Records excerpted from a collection
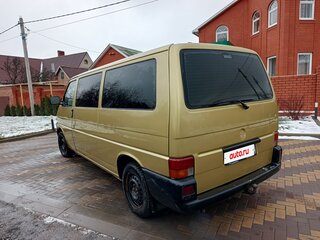 2001 Volkswagen Caravelle T4, жёлтый, 820000 рублей, вид 4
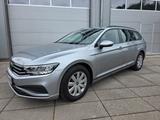 Volkswagen Passat Variant/LED/Navi/AHK schwenkbar/ACC/Lane - Volkswagen Passat aus 2022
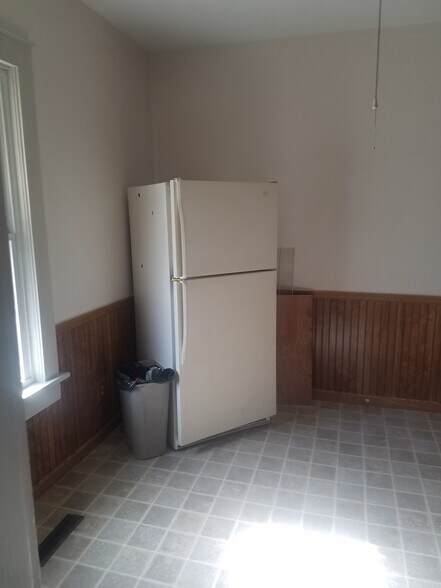 Building Photo - 3908 8th Ave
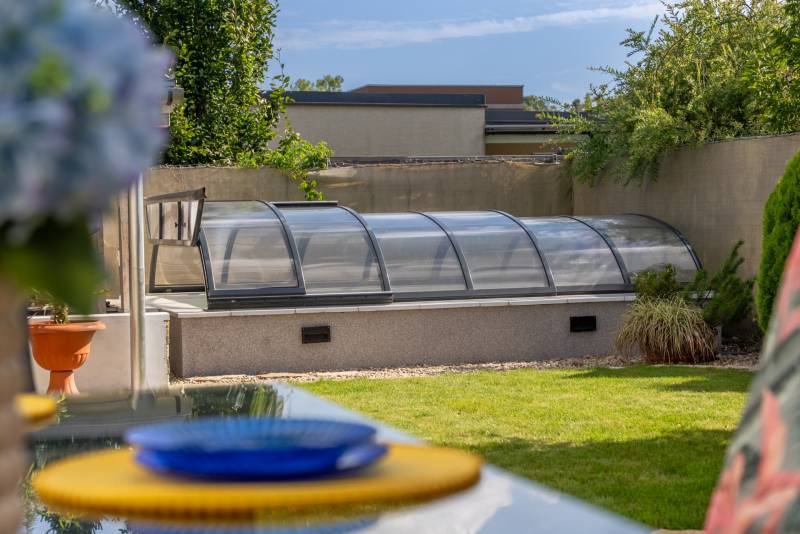 Kert medencével, amely üvegezett tetővel van lefedve egy négy szobás lakásban a Lovas utcában, Nagyszombatban.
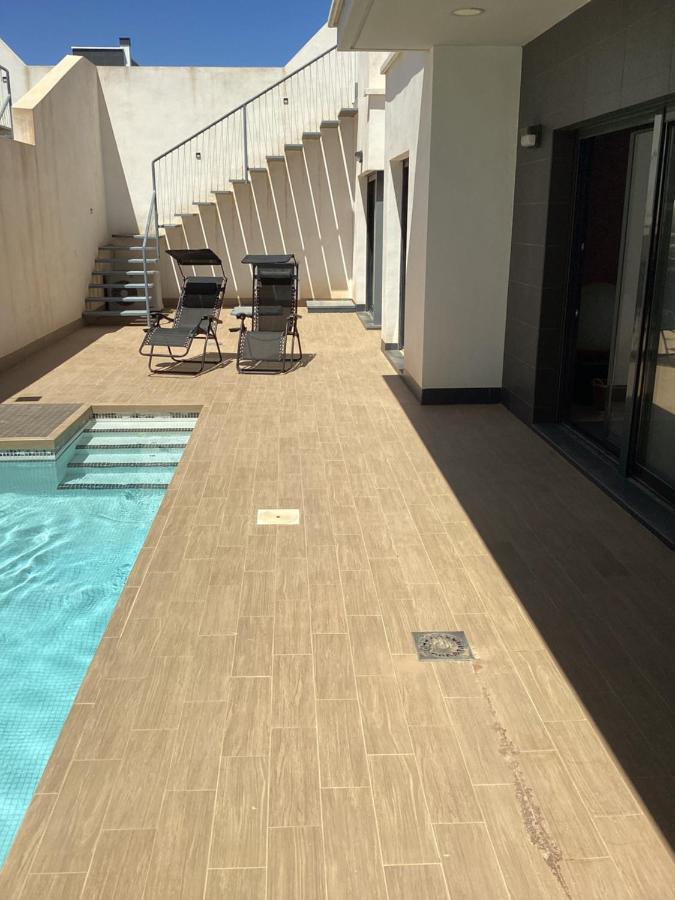 אוריהואלה Housesleeps6-Pool-Beach-Garden-Solarium-Petok מראה חיצוני תמונה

- _ABOUT THIS EXERCISE_
Starting at the line containing "Kert medencével, amely", output every remaining line of the records above exactly, the last one included. Nothing else belongs in the output, and no pictures either.

- _EXERCISE RESPONSE_
 Kert medencével, amely üvegezett tetővel van lefedve egy négy szobás lakásban a Lovas utcában, Nagyszombatban.
 אוריהואלה Housesleeps6-Pool-Beach-Garden-Solarium-Petok מראה חיצוני תמונה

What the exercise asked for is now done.